Google announced that they have started this experiment and will proceed with carefully experimenting on a small scale over the next few months. They stated that they will ramp up the change when they are confident that they have a great user experience.

No mobile site? Do not fret

Those who do not have a functioning mobile version of their site, do not need to worry too much. Google will simply use the desktop version in order to rank the website. This also means that if your site is responsive and dynamically changes content depending on mobile or desktop browsers, there is nothing special you need to do.

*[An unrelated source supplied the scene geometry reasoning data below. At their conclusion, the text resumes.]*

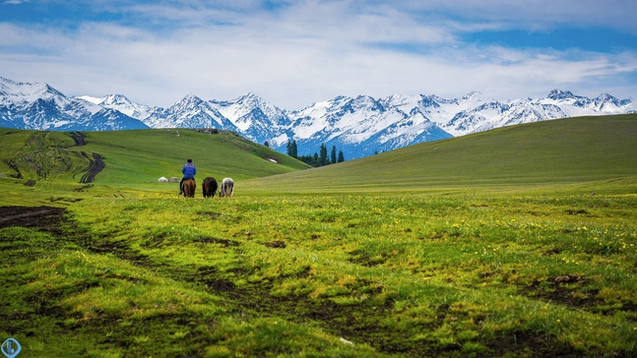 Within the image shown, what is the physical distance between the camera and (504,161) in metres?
136

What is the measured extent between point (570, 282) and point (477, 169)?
11745 centimetres

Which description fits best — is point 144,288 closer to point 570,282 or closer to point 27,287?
point 27,287

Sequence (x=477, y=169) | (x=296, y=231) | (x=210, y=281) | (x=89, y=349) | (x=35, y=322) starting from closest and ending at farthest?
(x=89, y=349), (x=35, y=322), (x=210, y=281), (x=296, y=231), (x=477, y=169)

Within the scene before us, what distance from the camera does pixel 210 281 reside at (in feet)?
59.8

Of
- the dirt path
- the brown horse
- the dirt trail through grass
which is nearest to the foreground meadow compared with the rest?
the dirt trail through grass

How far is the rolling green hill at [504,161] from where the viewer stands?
106m

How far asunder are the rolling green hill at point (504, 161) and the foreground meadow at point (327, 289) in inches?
2807

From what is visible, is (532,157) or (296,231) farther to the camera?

However, if you do not have a mobile website, you will not be able to benefit from the mobile-friendly ranking boost

How can you prepare?

Google has provided some recommendations to help people prepare for the change:

  • If you have a mobile responsive website or a dynamic serving website where the main content and markup is equivalent over mobile and desktop, you don’t need to change anything at all.
  • If you have a site configuration where the main content and markup is different over mobile and desktop, you should probably consider making some changes to your website.
  • When adding structured data to a mobile website, avoid adding huge amounts of markup that irrelevant to the specific information content pertaining to each document.
  • Use the robots.txt testing tool in order to verify that your mobile version is indeed accessible by Googlebot.
  • Websites do not need to make changes to their canonical links; Google will proceed with using these links as guides in order to serve the appropriate results users who are searching on their desktop or mobile.
  • If you are a website owner who has only verified your desktop site with Search Console, also add and verify your site’s mobile version.